Certain other conversions involving pointers are permitted, but have implementation-defined aspects. They must be specified by an explicit type-conversion operator, or cast (Pars.A.7.5 and A.8).

A pointer may be converted to an integral type large enough to hold it; the required size is implementation-dependent. The mapping function is also implementation-dependent.

A pointer to one type may be converted to a pointer to another type. The resulting pointer may cause addressing exceptions if the subject pointer does not refer to an object suitably aligned in storage. It is guaranteed that a pointer to an object may be converted to a pointer to an object whose type requires less or equally strict storage alignment and back again without change; the notion of ``alignment'' is implementation-dependent, but objects of the char types have least strict alignment requirements. As described in Par.A.6.8, a pointer may also be converted to type void * and back again without change.

A pointer may be converted to another pointer whose type is the same except for the addition or removal of qualifiers (Pars.A.4.4, A.2) of the object type to which the pointer refers. If qualifiers are added, the new pointer is equivalent to the old except for restrictions implied by the new qualifiers. If qualifiers are removed, operations on the underlying object remain subject to the qualifiers in its actual declaration.

Finally, a pointer to a function may be converted to a pointer to another function type. Calling the function specified by the converted pointer is implementation-dependent; however, if the converted pointer is reconverted to its original type, the result is identical to the original pointer.

A.6.7 Void

The (nonexistent) value of a void object may not be used in any way, and neither explicit nor implicit conversion to any non-void type may be applied. Because a void expression denotes a nonexistent value, such an expression may be used only where the value is not required, for example as an expression statement (Par.A.9.2) or as the left operand of a comma operator (Par.A.7.18).

An expression may be converted to type void by a cast. For example, a void cast documents the discarding of the value of a function call used as an expression statement.

void did not appear in the first edition of this book, but has become common since.

A.6.8 Pointers to Void

Any pointer to an object may be converted to type void * without loss of information. If the result is converted back to the original pointer type, the original pointer is recovered. Unlike the pointer-to-pointer conversions discussed in Par.A.6.6, which generally require an explicit cast, pointers may be assigned to and from pointers of type void *, and may be compared with them.
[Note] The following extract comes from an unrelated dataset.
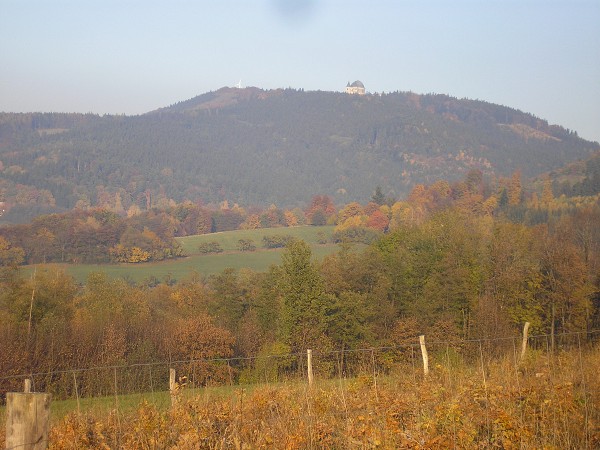 Zvren 2009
This interpretation of void * pointers is new; previously, char * pointers played the role of generic pointer. The ANSI standard specifically blesses the meeting of void * pointers with object pointers in assignments and relationals, while requiring explicit casts for other pointer mixtures.

A.7 Expressions

The precedence of expression operators is the same as the order of the major subsections of this section, highest precedence first. Thus, for example, the expressions referred to as the operands of (Par.A.7.7) are those expressions defined in Pars.A.7.1-A.7.6. Within each subsection, the operators have the same precedence. Left- or right-associativity is specified in each subsection for the operators discussed therein. The grammar given in Par.13 incorporates the precedence and associativity of the operators.

The precedence and associativity of operators is fully specified, but the order of evaluation of expressions is, with certain exceptions, undefined, even if the subexpressions involve side effects. That is, unless the definition of the operator guarantees that its operands are evaluated in a particular order, the implementation is free to evaluate operands in any order, or even to interleave their evaluation. However, each operator combines the values produced by its operands in a way compatible with the parsing of the expression in which it appears.

This rule revokes the previous freedom to reorder expressions with operators that are mathematically commutative and associative, but can fail to be computationally associative. The change affects only floating-point computations near the limits of their accuracy, and situations where overflow is possible.

The handling of overflow, divide check, and other exceptions in expression evaluation is not defined by the language. Most existing implementations of C ignore overflow in evaluation of signed integral expressions and assignments, but this behavior is not guaranteed. Treatment of division by 0, and all floating-point exceptions, varies among implementations; sometimes it is adjustable by a non-standard library function.

A.7.1 Pointer Conversion

If the type of an expression or subexpression is ``array of T,'' for some type T, then the value of the expression is a pointer to the first object in the array, and the type of the expression is altered to ``pointer to T.'' This conversion does not take place if the expression is in the operand of the unary & operator, or of sizeof, or as the left operand of an assignment operator or the operator. Similarly, an expression of type ``function returning T,'' except when used as the operand of the & operator, is converted to ``pointer to function returning T.''

A.7.2 Primary Expressions

Primary expressions are identifiers, constants, strings, or expressions in parentheses.

    primary-expression
      identifier
      constant
      string
      (expression)

An identifier is a primary expression, provided it has been suitably declared as discussed below. Its type is specified by its declaration. An identifier is an lvalue if it refers to an object (Par.A.5) and if its type is arithmetic, structure, union, or pointer.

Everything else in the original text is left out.